Imagine a language where a word's spelling is a clue to its meaning.

That sort of exists, you might say. Latin roots, in languages like English. Radicals, in languages like Chinese.

But we still have to straight up memorize thousands of words blindly. Not in Essentiali. Each letter is assigned a (very broad) meaning. To create words, meanings are chosen and pieced together in a pronounceable way. Then, a suffix is added to denote whether a word is a noun, adjective, etc. In common speech, the suffix is dropped if it would be unambiguous to do so. The tense is added on the left. Words are arranged vertically and the columns are read from right to left.

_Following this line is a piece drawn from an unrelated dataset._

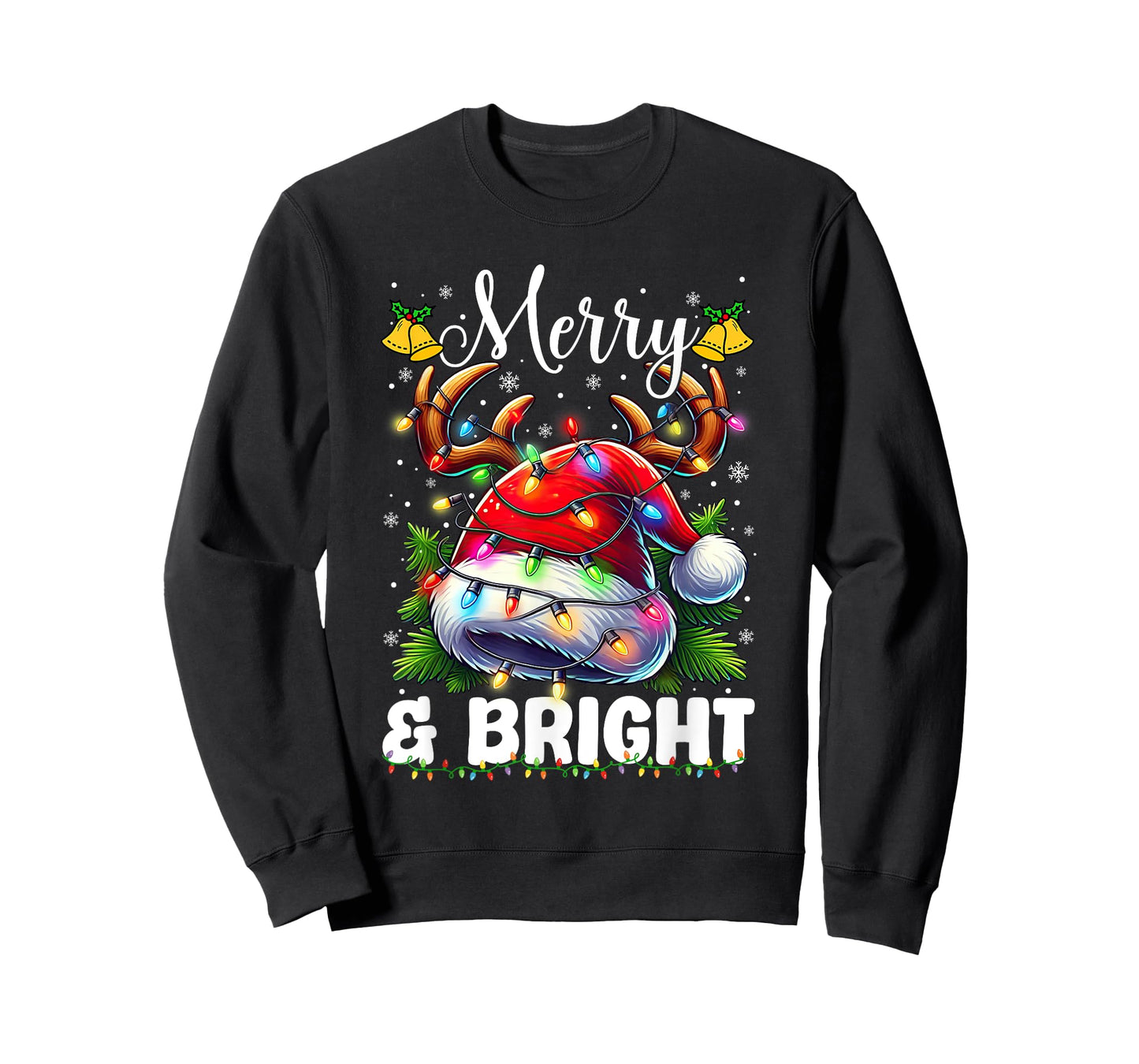 Merry and Bright Light Christmas Red Santa Hat Reindeer Xmas T-Shirt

Obviously, as meanings get more specific, they will get longer (and if they don't fall into categories but meh), but I think of that as a plus because words that are more specific tend to be less common, and common words should be shorter. They are in most languages anyways.

There are, of course, exceptions. Some words (such as if and then) are neither suffix nor letter, and some words (such as the names of sentient organisms) are phonetic approximations of borrowed words.

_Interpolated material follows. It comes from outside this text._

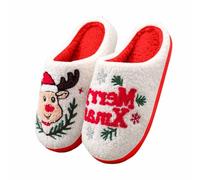 Pantoufles brodées pour chien rétro motif écossais chaud créatif sapin de | Tissu en velours, broderie chien, art rétro à carreaux chaud, arbre de Noël créatif, marron, taille 36-42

So far, I have yet to run into trouble, but then, I haven't made many words.

The alphabet, with IPA equivalents:



1 comment:

  1. I find this extremely entertaining since it correlates so well with Plato's theory of forms. It seems that you're trying to reduce every single word (and in turn every object it refers to) to pure, otherwise irreducible units; in this case, letters. Plato did the same thing, but left the pure, irreducible objects defined as "forms". I might even jokingly say that you've left out the Form of the Good because of the uncanny similarity here. I actually think it's fantastic that you've manage to condense Platonic forms into an actual alphabet, just incredible. I don't know how Plato would've felt about you trying to enumerate all of the forms, but I think it's great.